If you desire to see the overflowings of God’s love in another form, notice in the next verse how he declares what he means to do. He says, “When thou passest through the waters, I will be with thee, and through the rivers, they shall not overflow thee: when thou walkest through the fire, thou shalt not be burned; neither shall the flame kindle upon thee.” His love casts its eye upon your future. The Lord does not promise you that you shall never go through the waters, nor pass through the fires. He loves you too well to make your way to heaven free from adversity and tribulation, for these things work your lasting good. You will have to go through fire and through water on your way to glory. But he does promise you this: that the deepest waters shall not overflow you, and the fiercest torrents shall not drown yon, for this one all-sufficient reason, that he will be with you. When you come to the fires, however terrible their flames, they shall not consume you; nay, they shall not even kindle upon you. Like the three holy children in the furnace, not even the smell of fire shall pass upon you, because his presence shall preserve you to the end. Oh the love of God, that in the foresight of every grief and every sorrow that can ever befall his children, he pledges himself never to forsake them! He pledges his word that he will be at their side in every trying hour, and this word he pledges to them even though he has felt bound to chasten them. He says, “Fear not, I am with thee; be not dismayed, I am thy God.” He hath said, “I will never leave thee nor forsake thee.” Come life, come death, come temptation, come poverty, come sickness, come assault of Satan, come whatever may, from heaven, or earth, or hell, the Lord has promised that he will bear you through, and preserve you to his kingdom and glory. Oh the perseverance, the omnipresence, the omnipotence of divine love! Who is he that shall measure the length and breadth and depth and height of the love of God? Nothing can separate us from it, and nothing can harm us while we abide under its shadow. O cold hearts, do you not feel the warmth of this marvellous love?

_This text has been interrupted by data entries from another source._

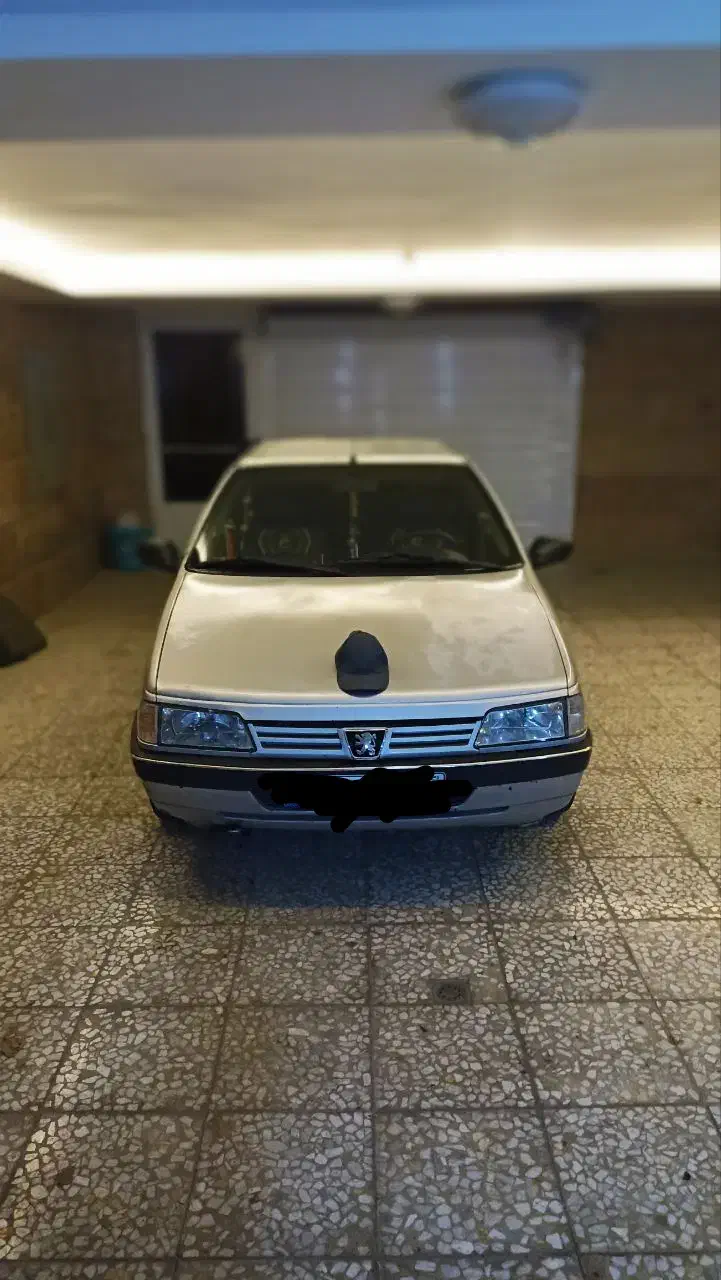 پژو روآ سال ۱۷۰۰سی سی تقویت اسپرت|خودرو سواری و وانت|شاهینشهر, دهخدا|دیوار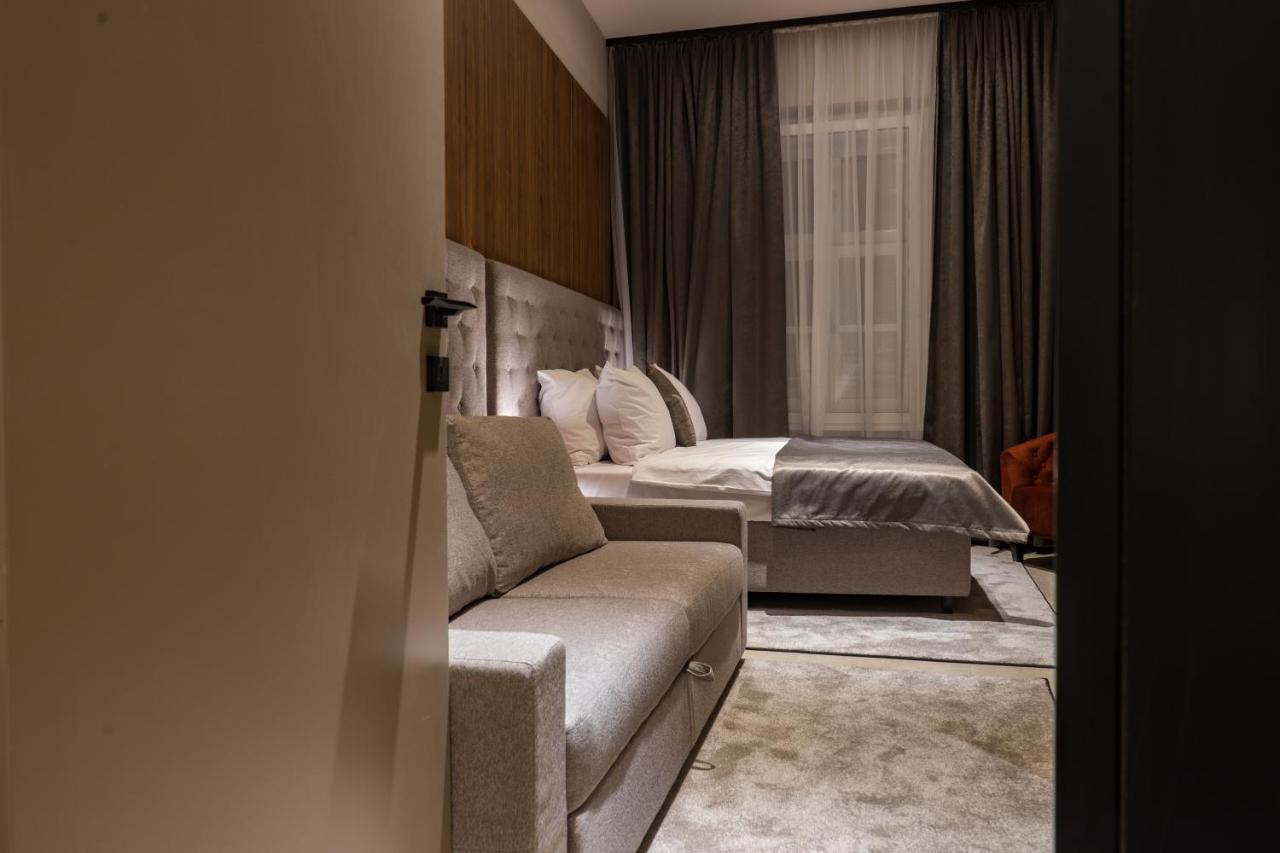 Апартаменти Dezman Luxury Center Загреб Екстер'єр фото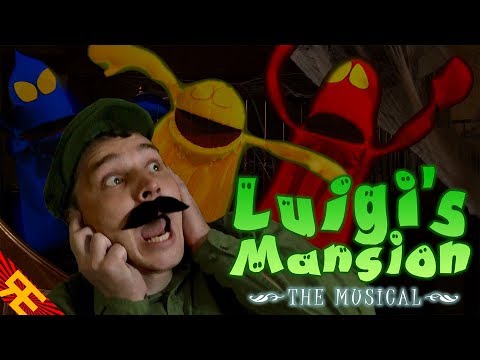 Luigi's Mansion: The Musical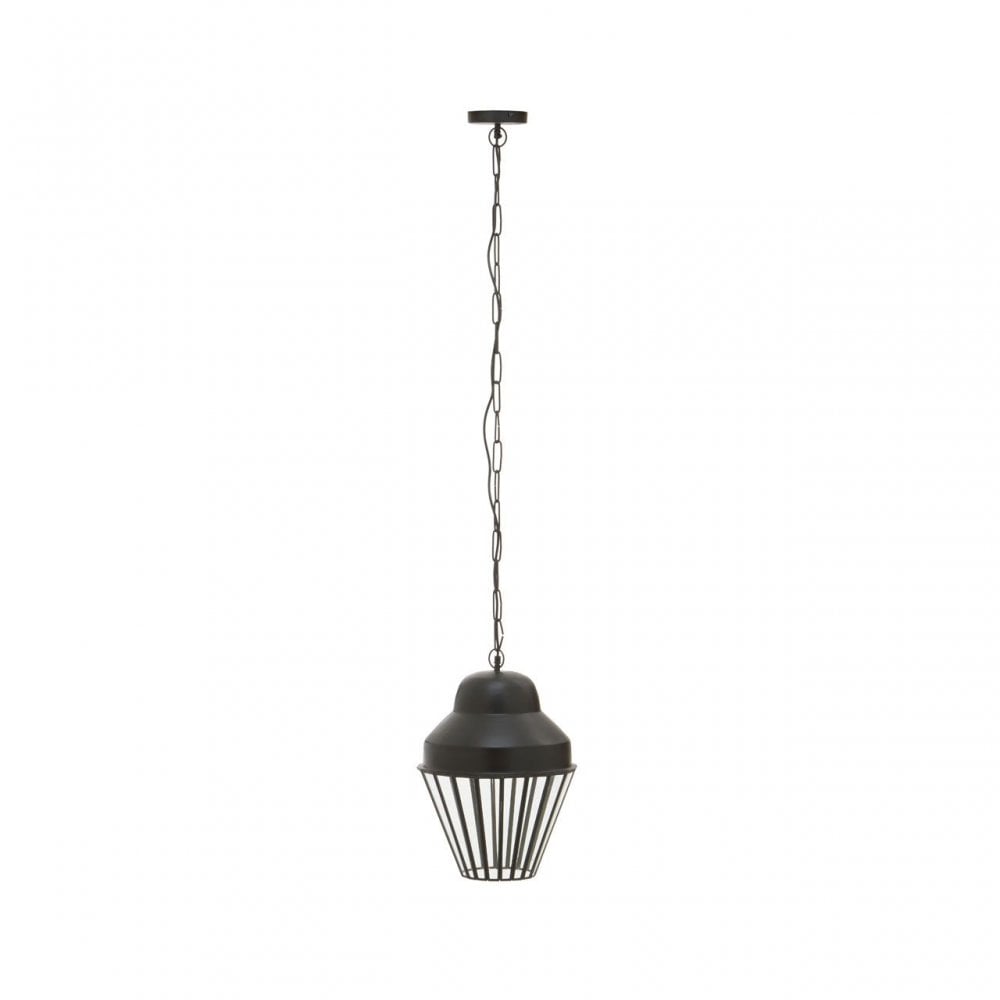 Preston One Bulb Pendant Light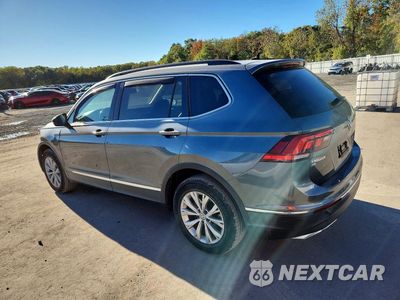 Drugie zdjęcie samochodu z przodu: 2018 VOLKSWAGEN TIGUAN SE VIN:3VV2B7AXXJM120833 - miniatura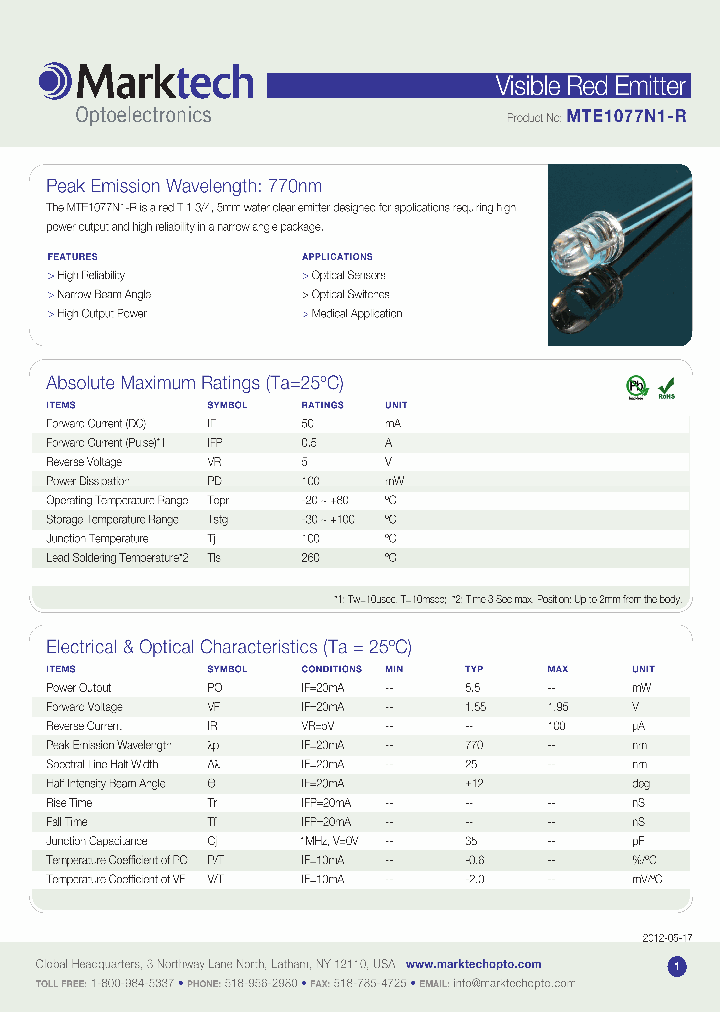 MTE1077N1_7695312.PDF Datasheet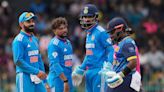 India vs Sri Lanka Live Score, 1st ODI: SL 142/6 after 34.1 overs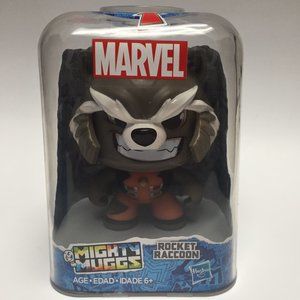 Marvel Mighty Muggs Figure # 08 Rocket Raccoon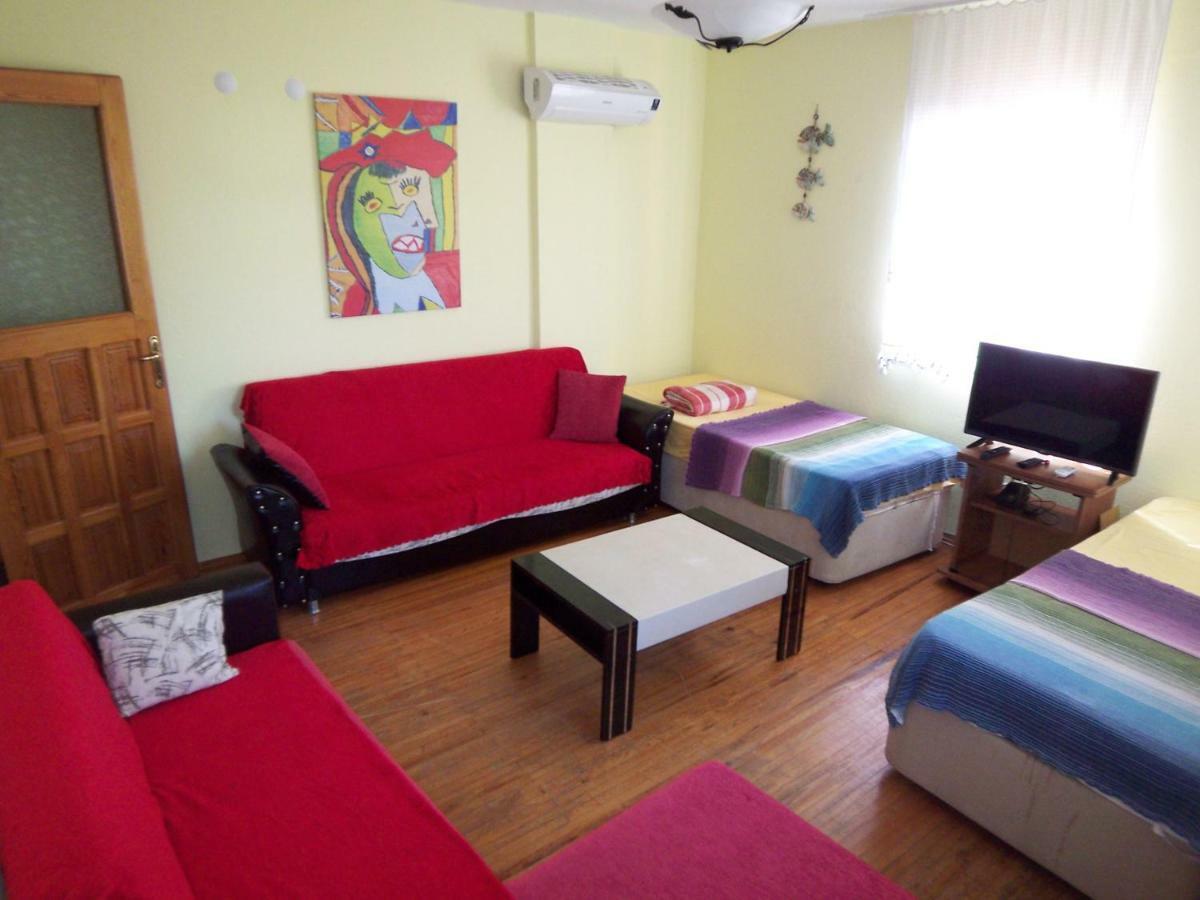 Izmir Tatil Evi Beach Resort Seferihisar Urkmez Luaran gambar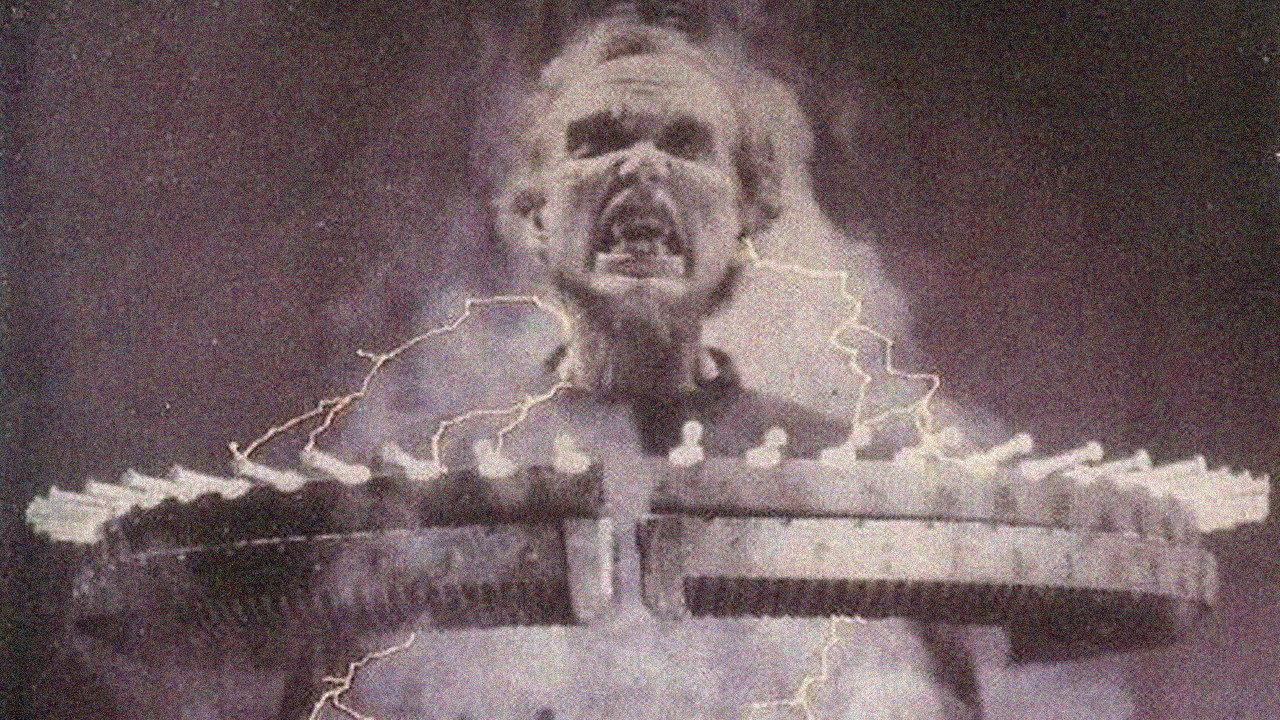 Project Vampire 1992 movie scene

Still this is not all. The overflowings of divine love are seen in the Lord’s avowing himself still to be his people’s God: “I am Jehovah thy God,” saith he, “the Holy One of Israel, thy Saviour.” God giveth himself to you, beloved. What a gift! He endows us, not merely with heaven and earth, things present, and things to come; nor even with the half of his kingdom; but he gives us himself! He saith, “I will be their God.” He bids us call him “Our Father.” All that God is, he gives to his chosen, and lays himself out for their salvation. “I am Jehovah thy God, the Holy One of Israel, thy Saviour.” Oh, how he must love us, and with what boundless affection must he regard us, when he counts himself to be none too great a portion to bestow on us!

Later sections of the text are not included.